Coconut brandy is a clear distilled spirit produced from borassus flower nectar and matured in wood casks. The spirit is produced by Mendis Brandy, a Georgia, U.S.-based company. The spirit is not made with coconuts.

==Production==
Coconut brandy is produced from the sap ("toddy") of borassus flowers that are extracted by a process called tapping and paring. The toddy is sourced from the borassus palm in Sri Lanka, where the borassus palm is tapped and pared for a total of 8 months, beginning in the first week of April and ending the second week of December each year.

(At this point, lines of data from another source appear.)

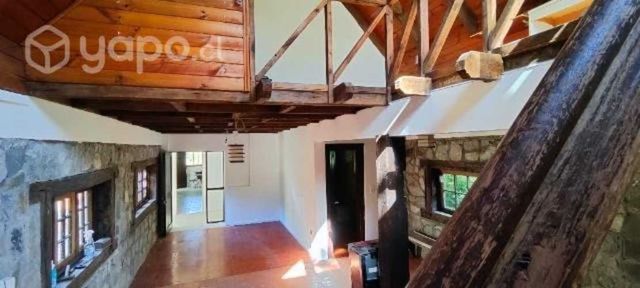 Arriendo Casa Mitrinhue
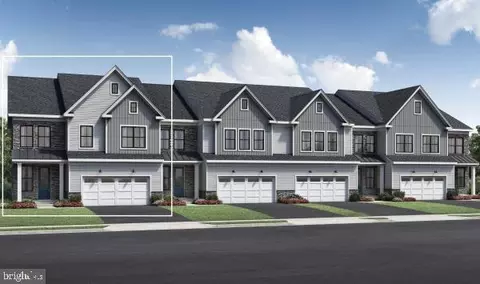 330 Huntington Ln #LOT 422, Ambler, PA 19002
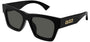 GUCCI GG1835S 1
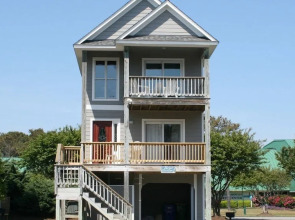 Hotel Carolina - 3 Br Home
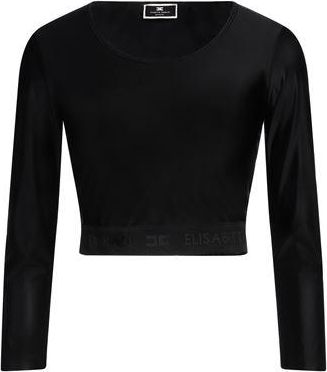 Elisabetta Franchi TOPWEAR - Tops on YOOX.COM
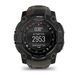 Смарт-часы Garmin Instinct 3 50mm AMOLED Black Bezel with Charcoal Band 010-03020-00 010-03020-00 фото 8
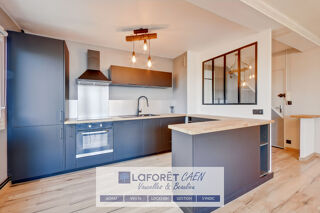  Appartement � vendre 2 pi�ces 47 m�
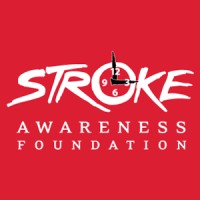 Stroke Awareness Foundation logo, Stroke Awareness Foundation contact details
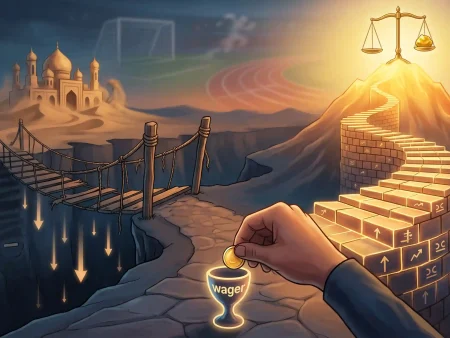 ما هو الرهان بقيمة متوقعة موجبة (+EV) في المراهنات الرياضية؟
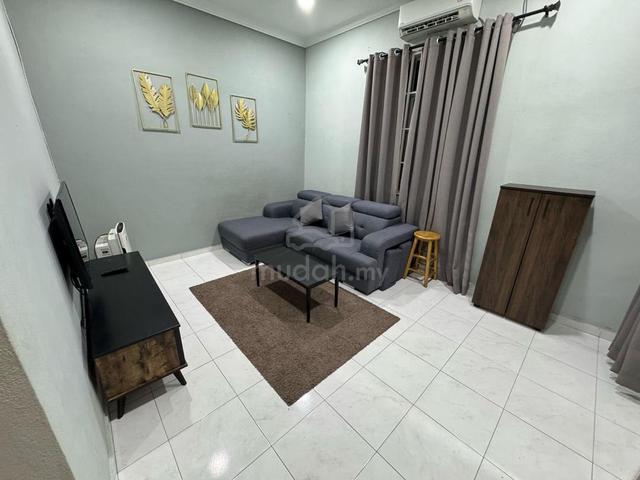 Rumah Banglo House,ada swim pool.Padang Matsirat, Langkawi 1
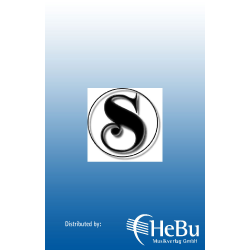         Unter blauem Himmel (Marsch) - Gerd Hammes / Arr. Willi Papert
    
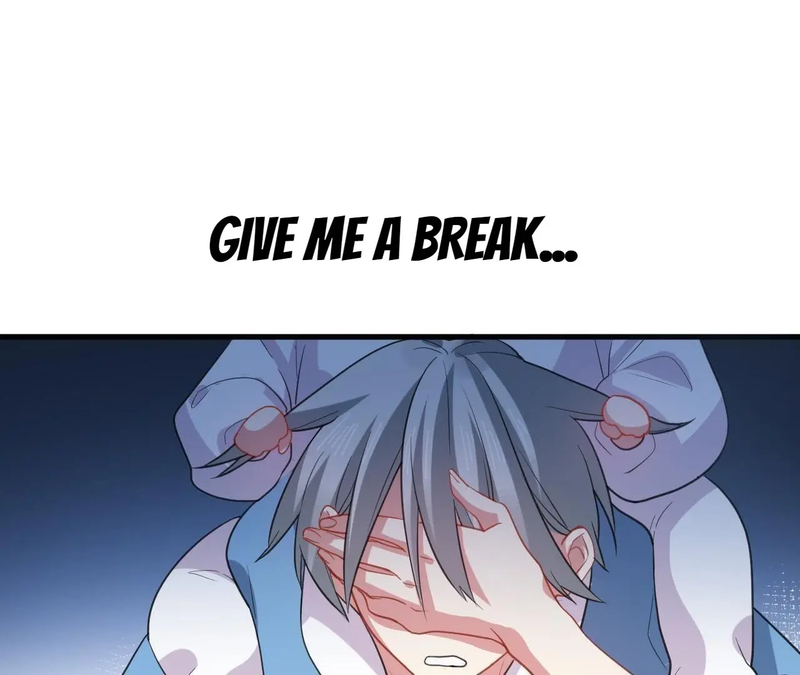 My Classmate Disappeared Chapter 37 page 43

The toddy's main constituent is sucrose, and it naturally ferments in the wood casks it is brought to the distillery in. Under normal conditions during toddy collection this sucrose will ferment without aid, due to naturally occurring yeast.

At the distillery, the fermented toddy is transferred into wood storing vats where it is filtered. It is then pumped into the distillation house where the distiller uses both a pot still and a patent still to distill different batches of toddy. the Toddy is double distilled in the French pot still and single distilled in the patent still by a continuous distillation process. During distillation, the distillate of toddy is placed in wooden holding vats which are transferred to warehouses for maturation.

Oak casks and hamlilla wood casks are used to age the coconut brandy. Coconut brandy bottled after two years labelled as a V.S., while brandy labelled X.O. has a minimum of 10 years maturation, which emulates cognac grades.